To be sure it won’t be as easy for other African nations to follow Ruto’s path. Kenya is blessed with ample geothermal resources and it has few significant fossil fuel reserves, unlike the oil-dependent economies of Nigeria and Angola and emerging gas producers, Mozambique and Senegal. Macky Sall, Senegal’s president, and Muhammadu Buhari, who stepped down as Nigeria’s president this year, have both insisted on the right of Africa to develop its hydrocarbon deposits.

Read More: Africa’s Headed for a Climate Showdown With Rich Nations

Nevertheless, Ruto’s calls have struck a chord on a continent that has the wind and solar potential to supply its own power needs many times over and a significant number of the green minerals needed for the global energy transition.

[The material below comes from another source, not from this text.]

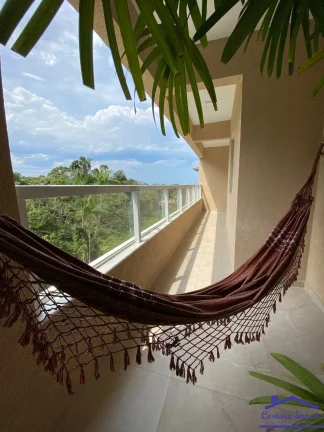 Imagem Cobertura duplex - praia das Toninhas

An early draft of the planned declaration from the summit sets ambitious targets for ramping up renewable energy production and urging a green pathway for the economic development of the continent, which may one day supply Europe with green hydrogen and its derivatives.

Read More: Germany Backs Kenya Hydrogen in Raft of African Climate Pledges

“This could be a new departure for relationships between developed and developing economies,” said Dileimy Orozco, a senior policy adviser at E3G, an independent climate think tank. “This could signal the intent of African leaders to be shapers rather than takers of the global financial system.”

Read More: Netherlands Pushes for Foothold in Southern African Hydrogen

While Ruto may be pushing African nations to look towards energy partnerships, rather than just handouts, the continent is woefully short of the climate finance it needs. This tension has led to continuous debates between richer and poorer nations at UN climate talks, and the argument is likely to be stirred up again at COP28 climate talks in Dubai later this year.

A study released by the Global Center on Adaptation on Tuesday estimates that the continent needs as much as a tenfold increase in climate adaptation funding to $100 billion a year to buttress its infrastructure and protect its agriculture against climate change.

Read More: Africa Needs Over $100 Billion a Year for Climate Adaptation

Ghana’s Minister for Lands and Natural Resources, Samuel Jinapor, acknowledged that Africa needs to transition toward greener energy and public transportation systems, but not every country is financially prepared. “All of those cost money,” he said.

To date, developed economies have never fully honored their pledge to provide the developing world with $100 billion in climate finance a year by 2020 — a promise made at a COP meeting in Copenhagen in 2009.

Initially wealthy countries responsible for the most historical emissions were asked to contribute. Now, Jinapor said, the pool of contributors should be wider and should include China, the world’s biggest source of climate-warming gases.

“They should be doing more, but not just China,” he said. “BRICS, all of them I believe, should have a role to play in mobilizing the needed financing to back and promote climate action, particularly climate action as it exclusively relates to Africa,” Jinapor said in reference to the grouping of large emerging market economies including Brazil, Russia, India, China and South Africa.

Still, world leaders — especially in Europe — are hoping Africa takes this moment to industrialize in a fashion that doesn’t harm the climate. Germany and the Netherlands have been plowing money into developing green hydrogen on the continent, as Europe looks to diversify its sources of energy following Russia’s invasion of Ukraine.

Barbel Kofler, state secretary to Germany’s economic cooperation minister, said it’s a positive sign that Africa — a continent so badly suffering from climate change already — is showing serious initiative in offering solutions to the global warming crisis.

“That is something new and that hopefully will push the COP in a positive direction,” she said.